Task details. Word for word, please restate each record and pass over the pictures.

======== Material for this task ========

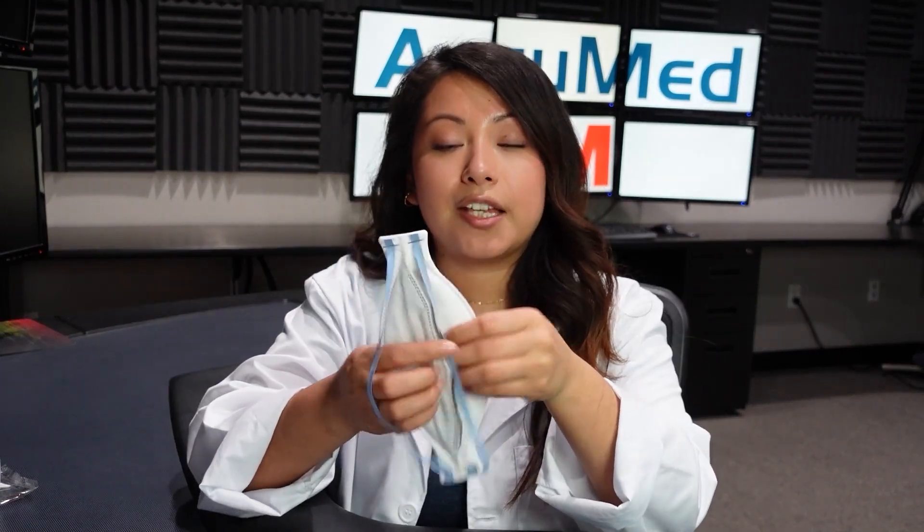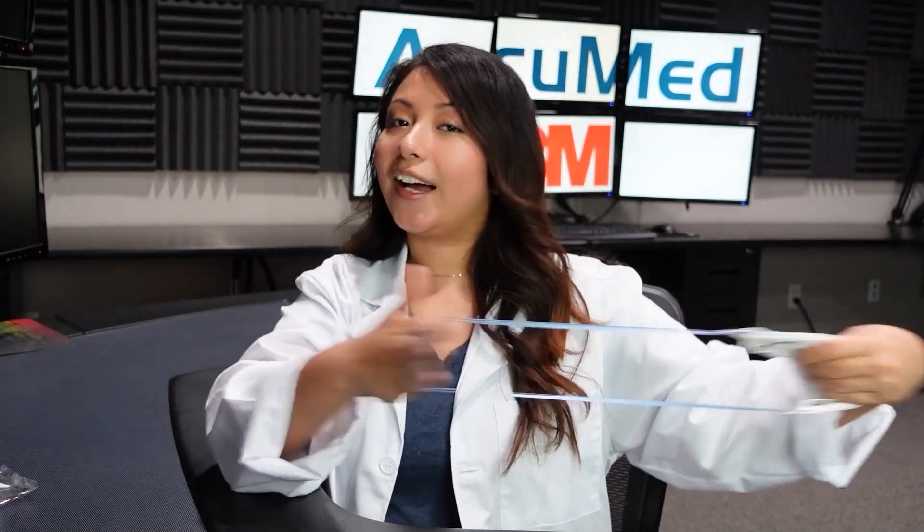I would recommend this for people that have smaller faces. It was a really comfortable face mask to wear, but the smell was definitely very pungent. The construction quality of this face mask is really good — they use very good materials for it. Like I said, these straps scare me a little bit, but they're not going to come off.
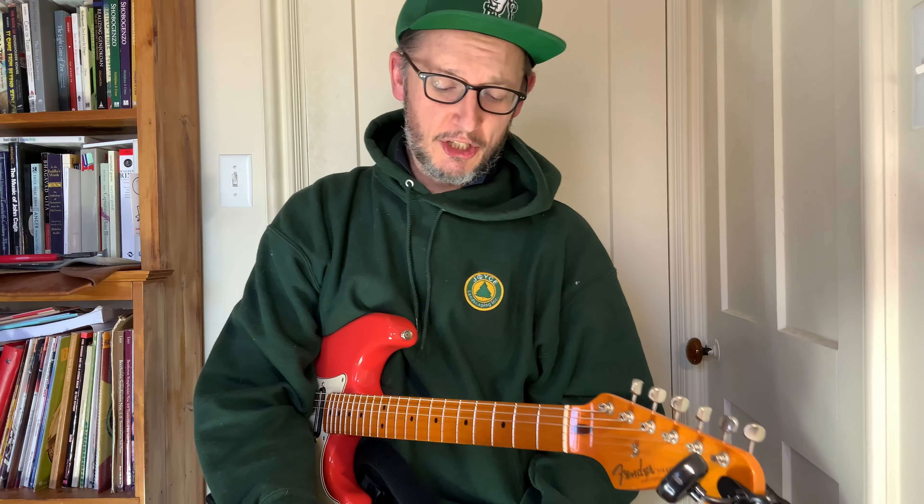Hi, this is Tom Crean. In this video, I'm going to teach you Chloe x Halle, Ungodly Hour on guitar.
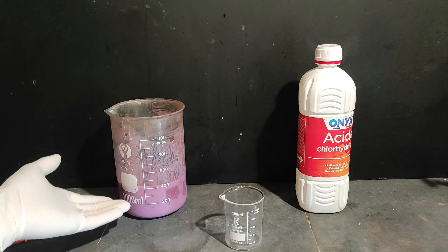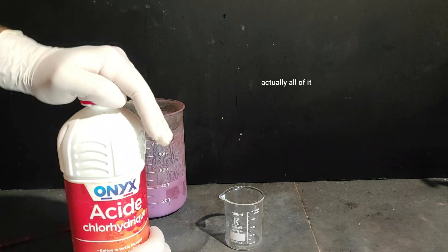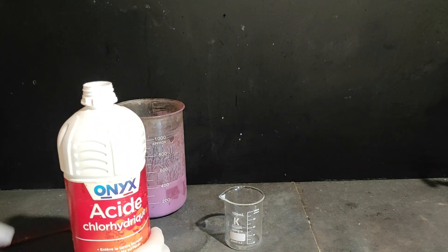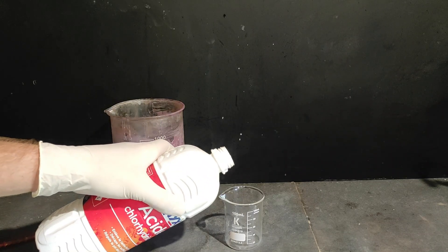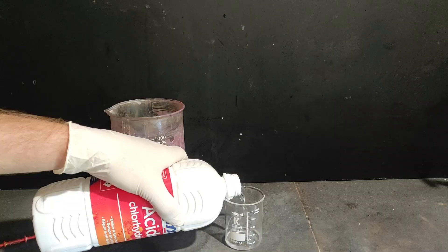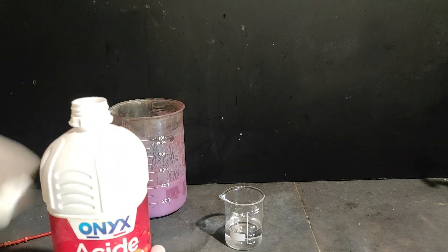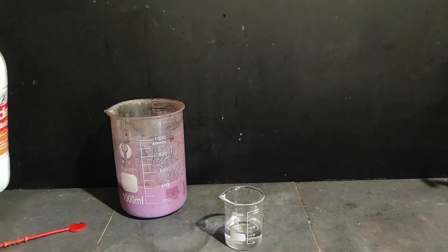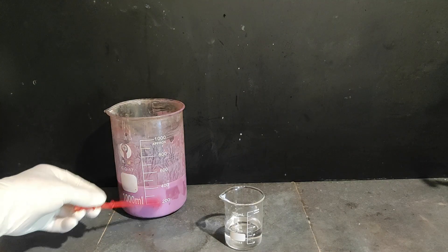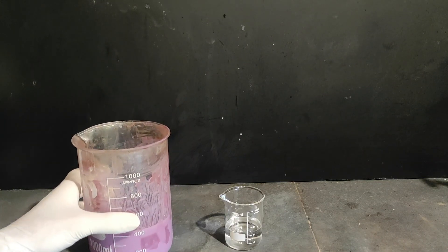Now that we have our decanted cobalt carbonate, we're just gonna convert some of it to cobalt chloride, which we'll need for the synthesis as a catalyst. First off, I'm gonna add about 40 mils of hydrochloric acid to this beaker — it doesn't have to be precise. Then I put it aside and drop in random bits of cobalt carbonate until it doesn't dissolve anymore.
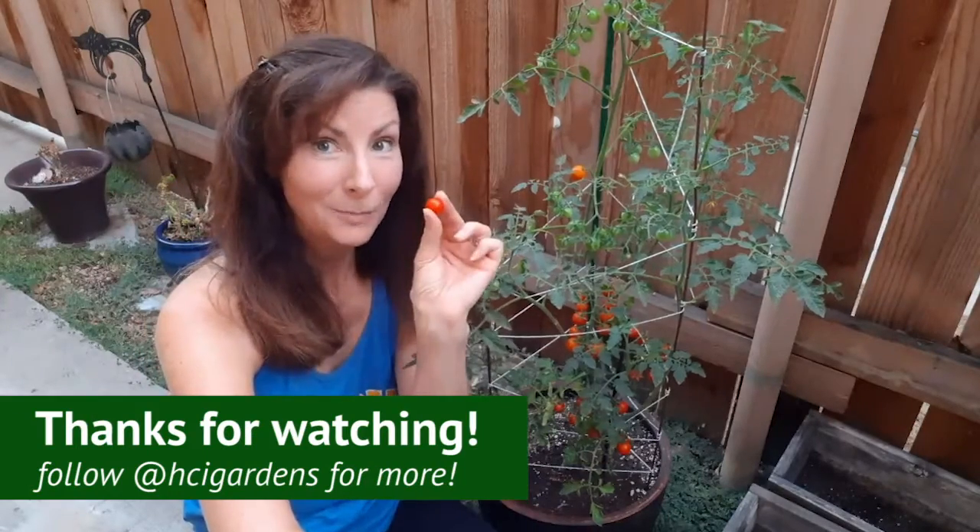If you follow these helpful harvesting tips, you should be able to enjoy sweet, juicy tomatoes all summer long. Bon Appa-Tomato!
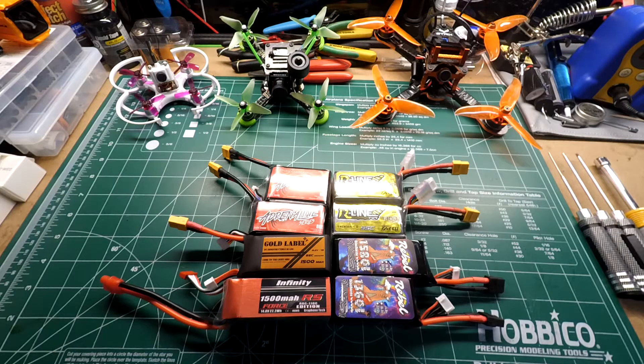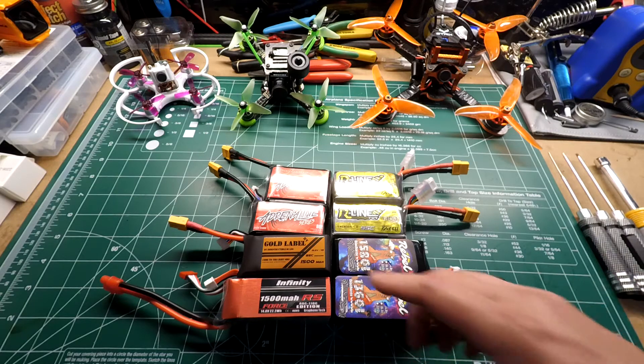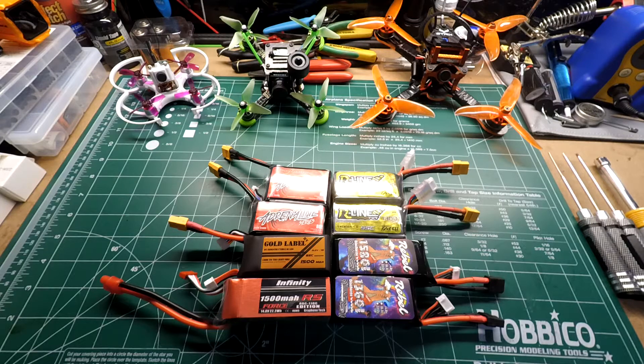Hey, what's going on guys, this is Steel Ring coming back at you with my summary and synopsis from my last video on these eight batteries — the 80-amp continuous current discharge test. It was a little bit longer video so I'm going to make this one pretty short and just go over some of the results real quick. All these batteries were bought by myself with my own money, with the exception of the Gold Label from Indestructible Quads — they sent that in for testing and review. Any information will be in the video description and a link to the spreadsheet will be there as well.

========

Exercise response.
I would recommend this for people that have smaller faces. It was a really comfortable face mask to wear, but the smell was definitely very pungent. The construction quality of this face mask is really good — they use very good materials for it. Like I said, these straps scare me a little bit, but they're not going to come off.
Hi, this is Tom Crean. In this video, I'm going to teach you Chloe x Halle, Ungodly Hour on guitar.
Now that we have our decanted cobalt carbonate, we're just gonna convert some of it to cobalt chloride, which we'll need for the synthesis as a catalyst. First off, I'm gonna add about 40 mils of hydrochloric acid to this beaker — it doesn't have to be precise. Then I put it aside and drop in random bits of cobalt carbonate until it doesn't dissolve anymore.
If you follow these helpful harvesting tips, you should be able to enjoy sweet, juicy tomatoes all summer long. Bon Appa-Tomato!
Hey, what's going on guys, this is Steel Ring coming back at you with my summary and synopsis from my last video on these eight batteries — the 80-amp continuous current discharge test. It was a little bit longer video so I'm going to make this one pretty short and just go over some of the results real quick. All these batteries were bought by myself with my own money, with the exception of the Gold Label from Indestructible Quads — they sent that in for testing and review. Any information will be in the video description and a link to the spreadsheet will be there as well.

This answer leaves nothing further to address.